▸ **The data**
=== Section Start ===

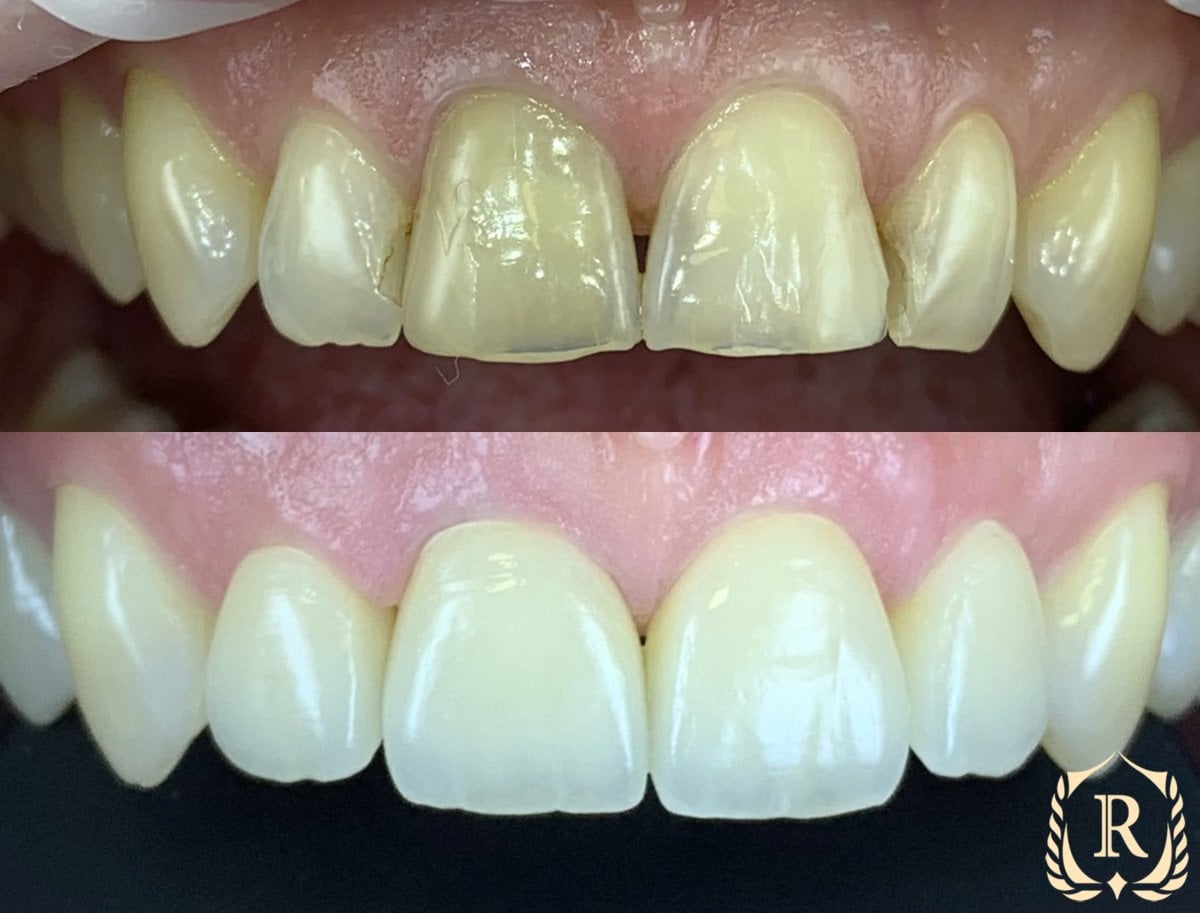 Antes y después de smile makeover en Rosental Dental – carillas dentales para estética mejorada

=== Section End ===
=== Section Start ===

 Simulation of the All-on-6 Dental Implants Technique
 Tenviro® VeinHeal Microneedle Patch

=== Section End ===
=== Section Start ===

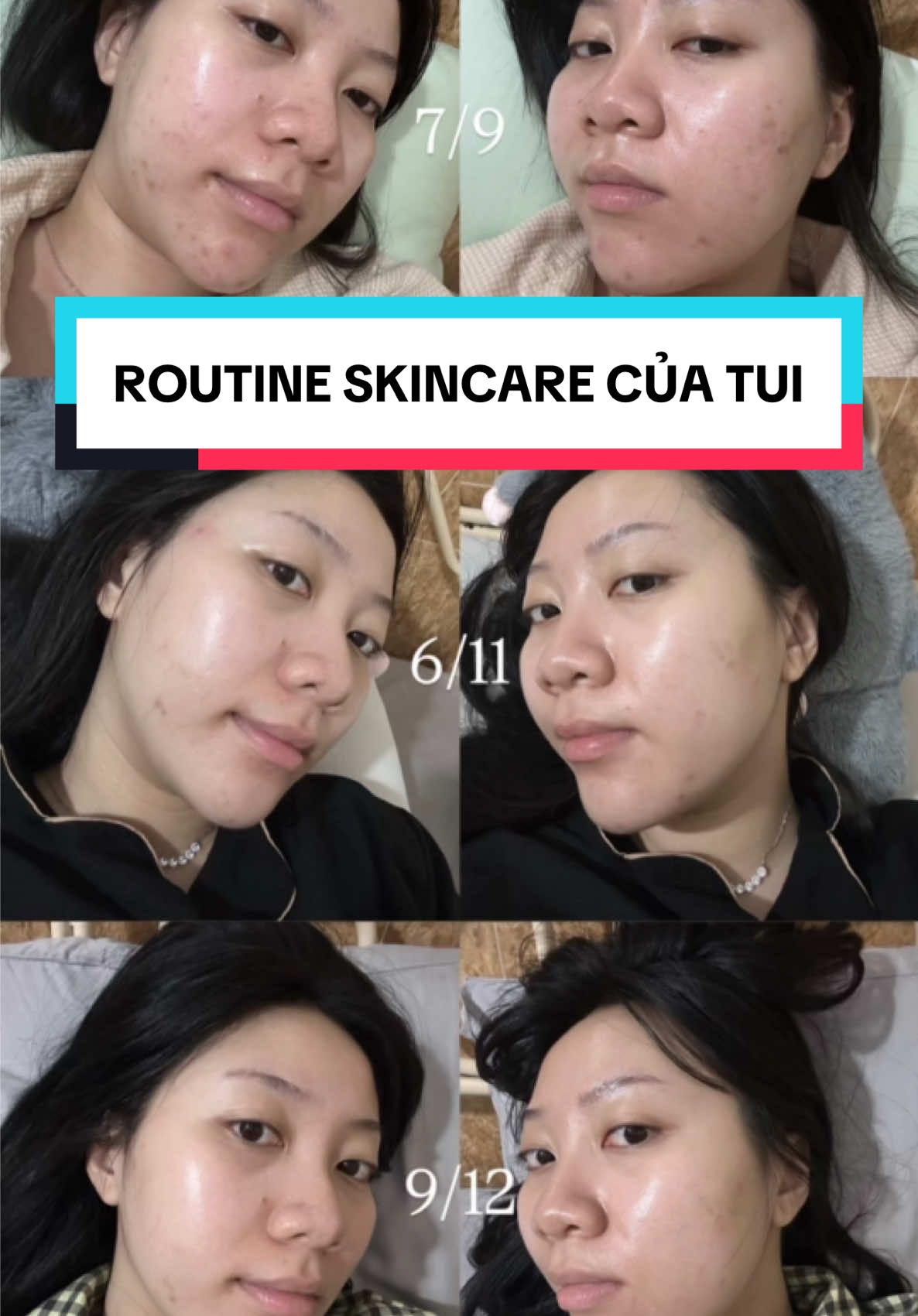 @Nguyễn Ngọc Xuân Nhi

=== Section End ===

▸ **Instructions to follow**
Write down, word for word, the lines above from the one containing "Simulation of the" through the one containing "Tenviro® VeinHeal Microneedle Patch", both ends included.

▸ **Expected answer**
 Simulation of the All-on-6 Dental Implants Technique
 Tenviro® VeinHeal Microneedle Patch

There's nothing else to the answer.